On March 20, 2026, we rebuilt all seven phases of our pipeline architecture in a single day. It was the most impactful change we’ve made to Maudel — and the story of how we got there is just as important as the result.
The Problem: Prompts in Code
Each pipeline stage had a single, massive prompt baked into TypeScript. The implementation stage alone was over 200 lines of template literal. Changing one stage’s behavior meant touching code, redeploying, and hoping you didn’t break another stage’s prompt.
This made iteration painful. Every prompt tweak required a developer. Testing prompt changes meant running the full pipeline. And version-controlling prompts embedded in code was effectively impossible — diffs were unreadable noise.
The First Attempt (And the Revert)
On March 19, we moved prompts into text files. The instinct was right — prompts belong in content files, not code. But the execution was wrong.
We moved the raw text into .md files and loaded them at runtime. No variable interpolation. No input hydration. No way to compose segments. The prompts were files, but they were just as monolithic as before — just stored differently.
We reverted the same day.
The Second Attempt (Getting It Right)
The next day, we rebuilt it properly. The composable pipeline architecture has three core principles:
File-driven stage definitions. Each stage lives in its own directory with markdown files: ACTION.md (what to do), INPUTS-OUTPUTS.md (what you need and what you produce), and mode-specific instructions. Stages are inspectable, editable, and version-controlled.
9-layer system prompt assembly. At runtime, a StagePromptAssembler service fetches prompts from disk and composes them into nine layers organized by cognitive zone — primacy (agent identity, pipeline rules), reference (stage instructions, skills, mode config), and recency (expected outputs, upstream context). This leverages how LLMs attend to different parts of the context window.
Template variable resolution. Stage definitions use variables like {{workspacePath}}, {{storyDocument}}, and {{testFrameworkGuidance}} that resolve to actual runtime values. Input hydration matches declared inputs to runtime outputs from upstream stages.
Why This Matters
Prompt engineering at scale requires the same modular thinking as software architecture. Most teams haven’t figured this out yet.

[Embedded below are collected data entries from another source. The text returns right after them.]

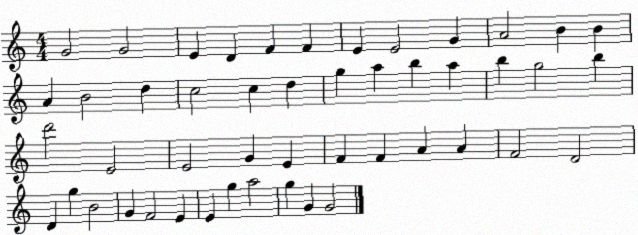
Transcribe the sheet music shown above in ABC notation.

X:1
T:Untitled
M:4/4
L:1/4
K:C
G2 G2 E D F F E E2 G A2 B B A B2 d c2 c d g a b a b g2 b d'2 E2 E2 G E F F A A F2 D2 D g B2 G F2 E E g a2 g G G2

When your prompts live in code, only developers can change them. When your prompts are composable files, anyone on the team can iterate on stage behavior — product managers can adjust story generation criteria, QA can tune validation rules, architects can refine planning constraints.
The composable pipeline turned prompt engineering from a developer bottleneck into a team capability. And building all seven stages in a single day proved the architecture was right — the second time around.